Leach won’t be physically at TDECU Stadium on Saturday when TCU faces Houston in the Cougars’ first Big 12 tilt. But he’ll be there in spirit, and influence. The two head coaches – TCU’s Sonny Dykes and Houston’s Holgorsen – wouldn’t be roaming these particular sidelines if it wasn’t for Leach’s effect on their careers. 

Leach famously stormed into the Texas Tech offices in his first year on the job in 2000 and saw his assistant coaches doing nothing. Dana Holgorsen and Sonny Dykes were two of his first hires after securing the head coaching job in Lubbock, and now he needed them to go find him some players for the Air Raid offense about to overtake the Big 12.

“We weren’t exactly sure what to do,” Dykes remembers. “We were just talking ball and getting our feet wet, and here comes Mike with this big map telling us where to go find him some players.” 

Leach took out that map and pointed at Houston and told Holgorsen to go there. He then pointed at the DFW metroplex and told Dykes to go there. And they did. Over 20 years later, the two are still there ahead of the Week 3 game between TCU and Houston – the first Big 12 game for the Cougars. 

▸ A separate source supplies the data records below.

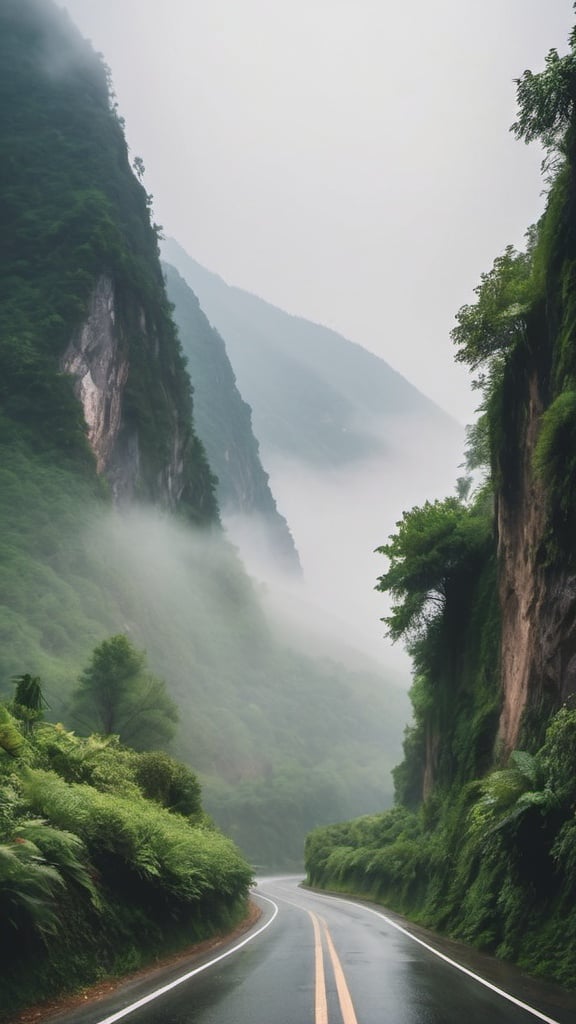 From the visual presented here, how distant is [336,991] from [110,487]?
78.1 metres

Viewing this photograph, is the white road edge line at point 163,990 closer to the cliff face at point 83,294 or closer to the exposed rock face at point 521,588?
the exposed rock face at point 521,588

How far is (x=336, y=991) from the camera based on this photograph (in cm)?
898

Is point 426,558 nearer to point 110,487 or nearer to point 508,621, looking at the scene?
point 508,621

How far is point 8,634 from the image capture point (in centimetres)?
5069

"The irony of him there and me here, goes back to Texas Tech,” Holgorsen said. “That became our recruiting areas. I recruited Houston for eight years and Sonny recruited DFW for six before he went on to Arizona.”

Photos via Texas Tech Athletics

 

Both Dykes and Holgorsen list Leach as one of the main influences, on and off the field. Holgorsen first met him as a player in 1990. Dykes met him as a GA working for Leach at Kentucky in 1997 with, you guessed it, Mumme as the head coach.

The trio united in Texas Tech when Leach hired the duo in mid-December of 1999. Holgorsen coached inside wide receivers. Dykes oversaw the outside receivers. The offense went on to set records and redefine offensive football at every level. 

“I would argue he impacted football more than any human being alive because of how much he changed things at all three levels of play – high school, college, and the pros,” Holgorsen said. “You can’t watch a game at any level and not see his influence.” 

That influence came full circle in the same month as Leach’s passing. That December, Dykes led TCU to the College Football Playoff. The news came a week before Leach died. The Horned Frogs’ win over Michigan in the Fiesta Bowl on Dec. 31 capped off a trying month for the Air Riad community with arguably its biggest success. Dykes was the first offensive coach from the Air Riad tree to be a head coach in the FBS national championship game when TCU faced Georgia.

“Mike was on my mind a lot,” Dykes said of that two-game journey in the College Football Playoff. “He would’ve gotten a kick out of it. I hated it for Mike because he would’ve been proud.”

The air raid offense may no longer exist in its purest form preferred by Leach and Mumme in the modern game, but their fingerprints remain everywhere. From Lincoln Riley to Kliff Kingsbury to Ken Wilson. From Sonny Cumbie to Neal Brown to Josh Heupel.

Just look at the state of Texas. There were 12 FBS programs in the Lone Star State during the 2022 season. A third of those jobs were taken by Leach disciples with Holgorsen (Houston), Dykes (TCU), Dave Aranda (Baylor), and Seth Littrell (North Texas). Former Texas State head coach Jake Spavital is a pupil of Holgorsen, so essentially five of the 13 head coaching jobs in Texas were filled by the Leach Tree. North Texas replaced Littrell with Eric Morris, who played wide receiver at Texas Tech under Leach.

“It worked great for us for two decades,” Holgorsen said. “It don’t work anymore. Everyone has changed and evolved. We take bits and pieces of it to make it our own. A lot of us jokingly got kicked out of the Air Raid club because we started running the ball or using a tight end or relying on motion. But it is still part of us. And it is a big part of football.”